__Source data__
····················

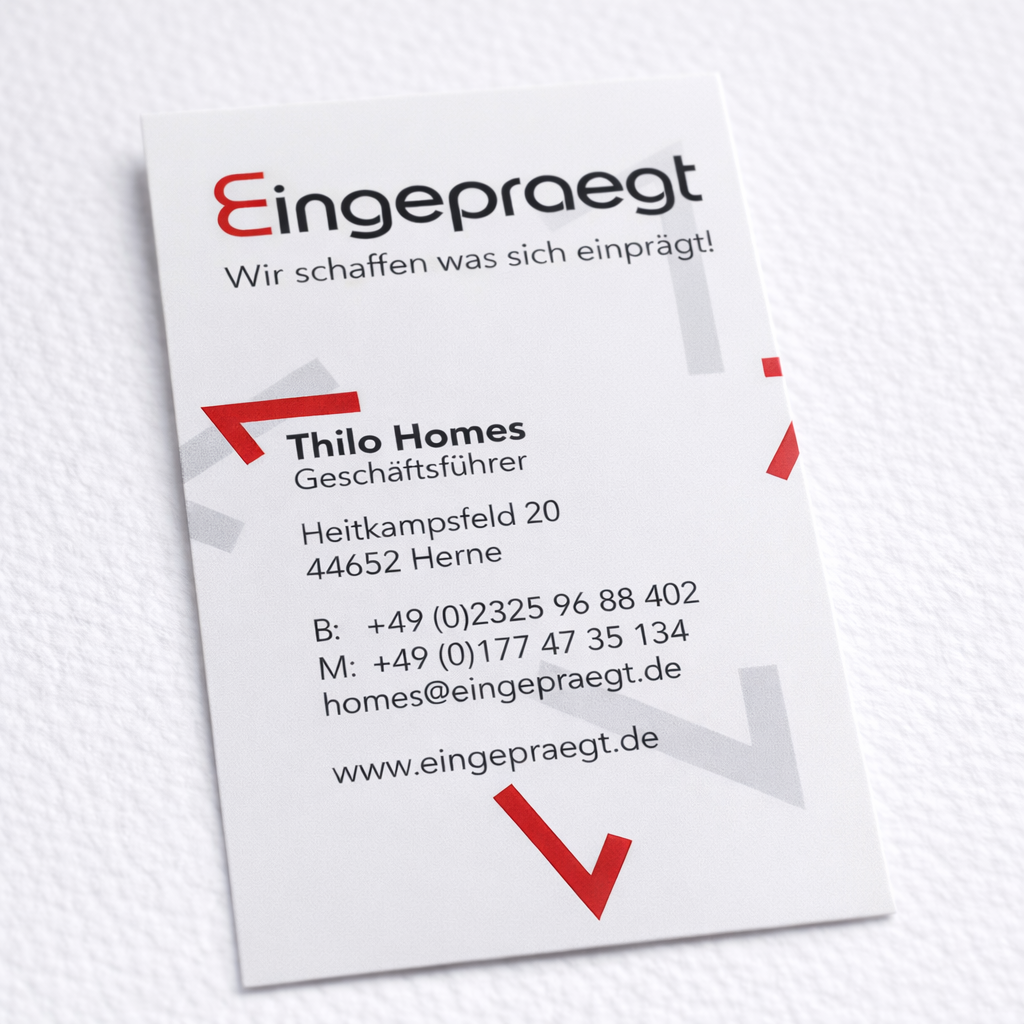 Visitenkarten - einseitiger partieller UV-Lack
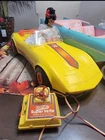 Barbie Supervette 1979 remote car and Vintage Barbie 57 Chevy Bel Air Convertibl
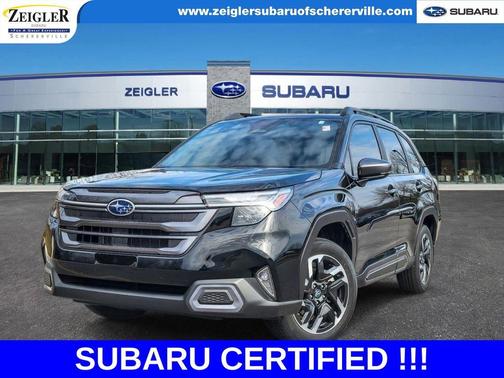 Crystal Black Silica 2025 Subaru Forester Limited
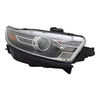 2014-2015 Ford Taurus Head Lamp Passenger Side Halogen With Black Bezel Projector Style From 1/8/14 High Quality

····················

__Problem__
From the first line to the last, retype the data exactly, but omit every image.

__Result below__
 Visitenkarten - einseitiger partieller UV-Lack
 Barbie Supervette 1979 remote car and Vintage Barbie 57 Chevy Bel Air Convertibl
 Crystal Black Silica 2025 Subaru Forester Limited
 2014-2015 Ford Taurus Head Lamp Passenger Side Halogen With Black Bezel Projector Style From 1/8/14 High Quality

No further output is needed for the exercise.